Republican bills, in general, look to protect businesses, jobs and the economy, while recognizing the dangers to public health COVID-19 presents, said House Minority Leader Kathleen Dillingham, R-Oxford.

Dillingham, for example, has a bill that would give businesses, municipalities and nonprofits liability protection from COVID-19 related lawsuits – mirroring protections Congress has considered and likely will take up again.

Dillingham said Republicans hope to push back some against of the pandemic restrictions put in place under the governor’s executive orders and reestablish the Legislature’s role in pandemic policy making. She and other Republican leaders have said they want to reestablish their voices in the decision-making process for COVID-19 policies.

“Our caucus’s position is to make sure businesses are protected, both retroactively for what they have already suffered and going forward, while also protecting people,” Dillingham said. “We have got to find that balance.”

Other Republican bills include measures that would waive fines or fees imposed on businesses that violate pandemic-related restrictions.

Senate President Troy Jackson, D-Allagash, also is a primary sponsor of COVID-19 related bills, including one that aims to protect the rights of COVID-19 patients. Details on that bill are expected to be released early next week, a spokeswoman for Jackson said. The Senate president also has a bill aimed at helping tasting rooms and restaurants that have been hard hit by pandemic-related restrictions, although the details have not been published yet.

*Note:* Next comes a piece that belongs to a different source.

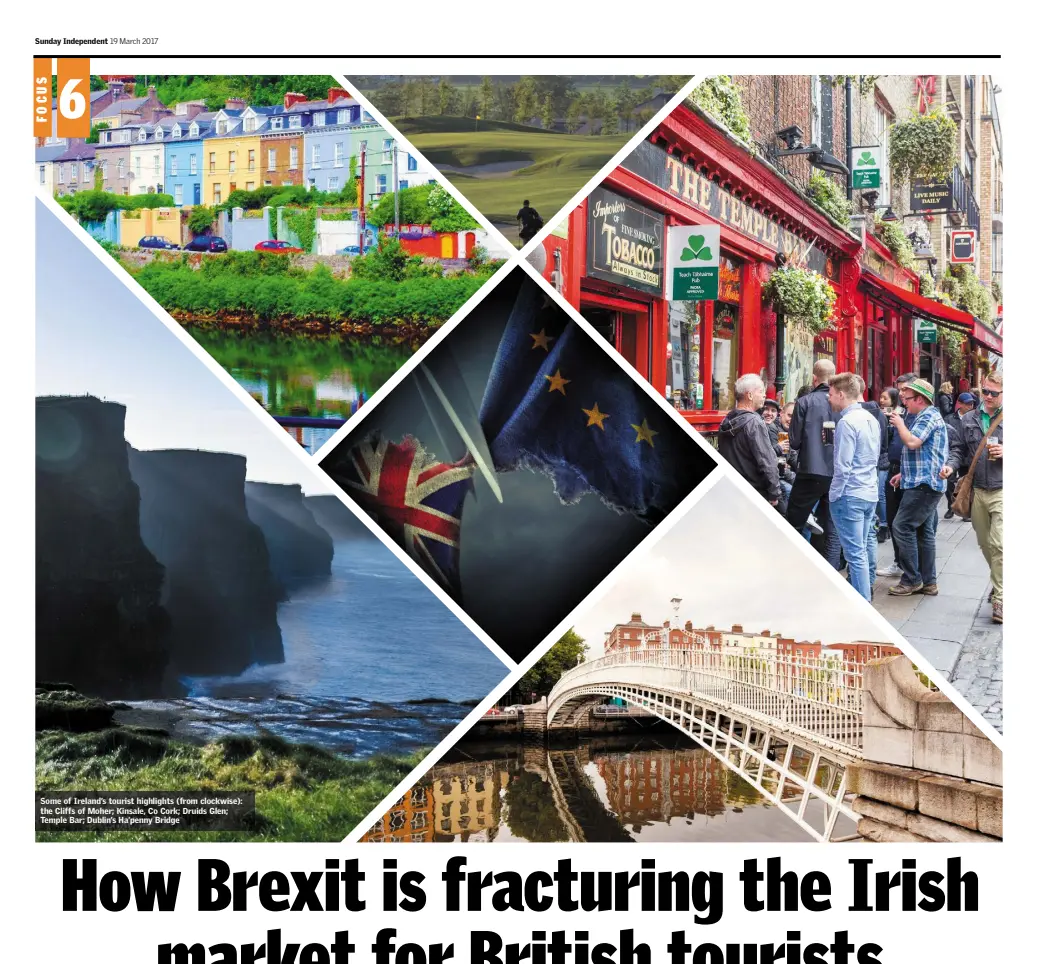  ??  ?? Some of Ireland’s tourist highlights (from clockwise): the Cliffs of Moher; Kinsale, Co Cork; Druids Glen; Temple Bar; Dublin’s Ha’penny Bridge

Republican bills to suspend or temporarily eliminate sales taxes also are being proposed, but they could face a challenging path forward in a year in which the Legislature must approve a new and balanced budget for state government. A pandemic-related state revenue shortfall estimated at between $500 million and $1 billion for the next fiscal year will make already difficult budget negotiations more challenging. Maine’s current two-year budget is about $8 billion.